元の夫の褒め方は、もっともっとストレートだ。美容院から私が新しい髪型で出てくると、夫は遠くから大きく手を振った。近づいてから目をまんまるく開いて、360度出来栄えをチェックしてくれる。「横向いて見て」とか「後ろは?」と頼まれて、私は言われた通りくるくると向きを変えた。夫は、「ウ〜ン」と言いながらお宝鑑定団の鑑定師みたいに顎に手を当てて、「いいね」と言う。

一時期、私はショートカットが好きな夫のためにショートばかり続く時期があった。社会人になってからお世話になった美容師さんは、ショートの中でもマッシュが好きなようで、私が「すっきりしたショートで」とお願いしても、出来上がりがいつもマッシュになっていた。マッシュは、名前の通りキノコみたいな髪型で、可愛らしさがある。時々、それがコミカルにキノコ感が高くて、面白く思えることがあった。「切り終わったよー、でもやっぱりマッシュ感あるかも・・・」と報告する私に「今から行く!」と言って夫が駆けつけてくれた。しばらくすると、夫は表参道のあの大通りを上ってきて、私を見つけるなり、「あはははは」と嬉しそうに声を出して笑った。マッシュ頭でなんとも言えない表情の私に近づき、笑いが止まらないまま私の両肩を持って、愛おしそうに抱き寄せた。自分がちょっと間抜けな出立になって、夫に笑われているとき、すべてが滑稽で、楽しかった。もちろん散々夫に笑われた後は、私が少ししょんぼりするので、夫は次の数時間、私にいかに髪型が似合っているか、説き伏せなければいけない。そんな時間も、全部、楽しかった。それでも、機嫌を直して向き合った喫茶店では、夫の目の前にキノコが座っているので、夫はまた「くふん」と笑って、嬉しそうに私を眺めていた。

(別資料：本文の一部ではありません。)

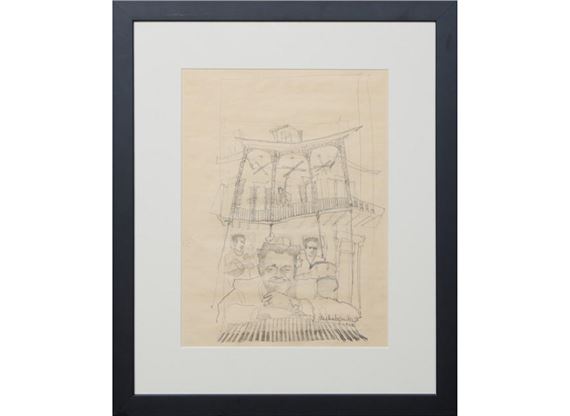 Fats Domino Jazz Fest Poster Sketch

2019年から、私は新しい美容師さんのところに通うようになった。オーダーをすれば、希望通りに仕上げてもらえるようになった。だから、最後に夫に見てもらった10月も、私は思った通りの可愛い髪型にしてもらった。夫は私を見て、「大学生のときみたい。これまでは、こうはならなかったよね」と褒めてくれた。それは、これまでは、どの髪型をオーダーしても、マッシュだったから。

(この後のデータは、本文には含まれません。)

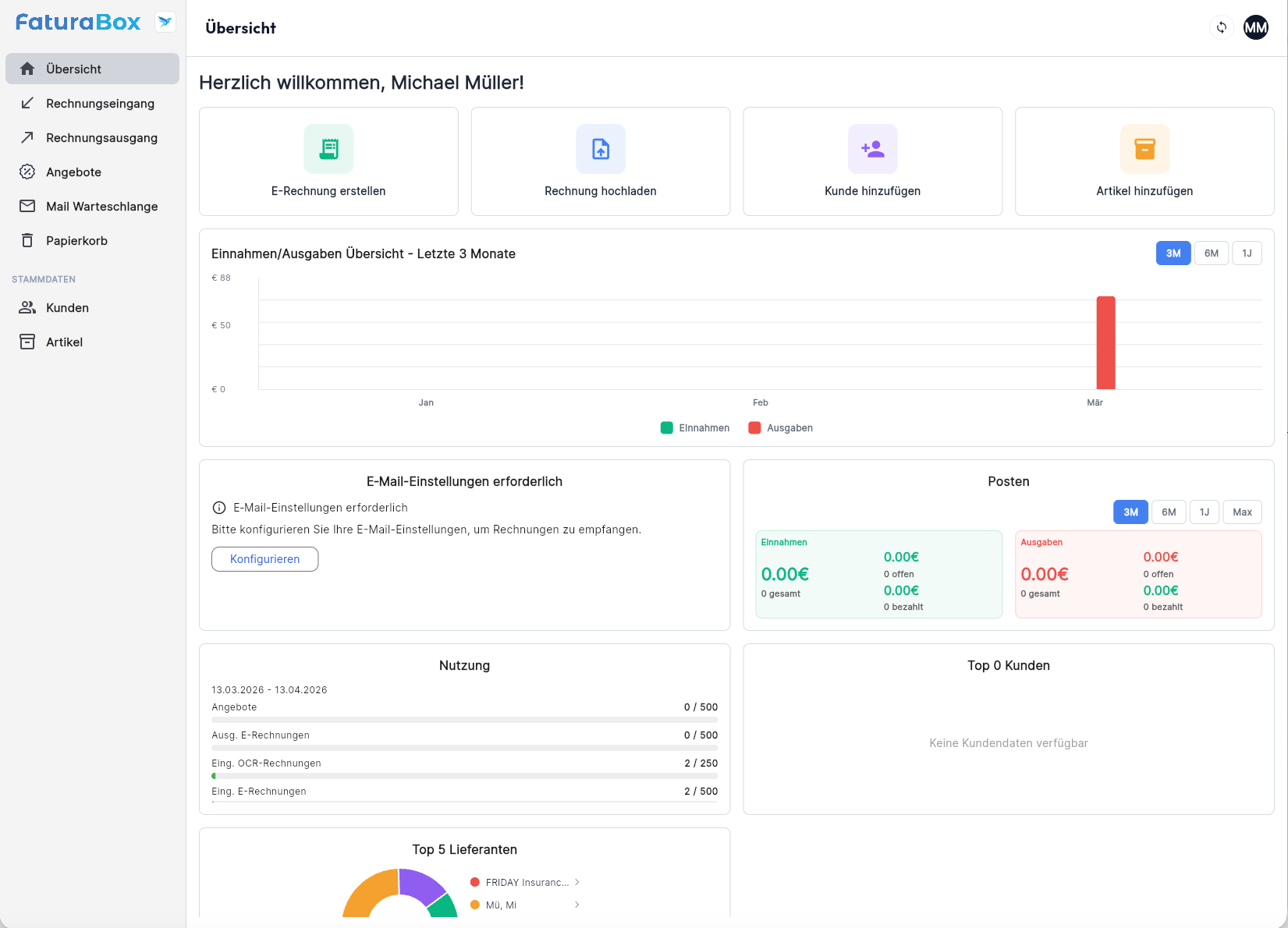 FaturaBox Dashboard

今の美容師さんの所にはこれからも通おうと思う。でも、夫が亡くなる前に、もう一度マッシュの私で現れてみたかった。そうしたら、夫は笑ってくれたのかな。ちょっとかわいそうになって、抱き寄せてくれたのかな。それだったら、私一生マッシュでもよかったのになと思う。

プレゼントから考える

とうとう4月になってしまった。

年明けから、4月になることがずっと怖かった。

4月は、私の誕生日。

夫に毎年、ものすごく大切に祝ってもらっていた日。誕生日当日は大学の授業だったり仕事があるので、夜だけ会って、外食してお祝い。週末には、もっと盛大にお祝いした。盛大といっても、それは私と夫の気持ちのこと。夫は私に、「今日はみんみん、バースデーガールだもんね!」と言って、私が喜ぶ食べ物とか、行きたい場所とかを考えて、全力でお祝いしてくれた。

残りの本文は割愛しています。